An ERV transfers about 50% of the moisture from the wet air stream to the dry air stream. Exhausting wet air while introducing dry air will wet the dry air and dry the wet air. This defeats drying wet fresh air. An ERV helps dry damp fresh air when you exhaust dry air. They remove about 50% of the moisture. You need dehumidification to remove the other 50% or the inside space will get as wet as outside after 3-4 air changes. A couple fish tanks are easy to dry with a high eff. properly sized dehumidifier. How many gallons of water are added to the tanks per day? What climate are you in? A possible solution is to use a ventilating dehumidifier to introduce 50-100 cfm of air to the rest of the home, while maintaining 50%RH throughout the home. Exhaust 50-100 cfm from the fish tank area. The dry air from the home will move through the fish tank area keeping it dry. Keep in mind, drying the space will eliminate most of the odors in the basement. TB
Originally posted by reef tank guy
I have moisture problems in the basement that aren't being solved by a dehumidifier. The problem is compounded by the couple aquariums I have down there.

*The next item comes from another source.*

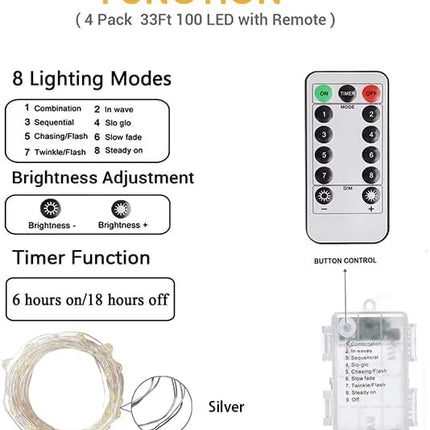 4-Pack 33FT 100 LED Fairy Lights Battery Operated with Remote & Timer, Waterproof Twinkle String Lights Outdoor Indoor 8 Modes for Bedroom Classroom Dorm DIY Christmas Party Garden Tree (Warm White)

I'd like to pump out the stale humid air out of the basement, and pump fresh air into the rest of the house.
My concern is humidity. The summers here are pretty humid. I don't want to be pumping more humidity into the house. Will either an ERV or an HRV dehumidify the incoming air?
I had my local guy here yesterday woking on a quote to replace my old leaky a/c with a heat pump. He suggested an ERV but was a little shaky on what would happen with the humidity if I"m pumping cool humid air out of the basement, and feeding the ERV with warm humid air from outside.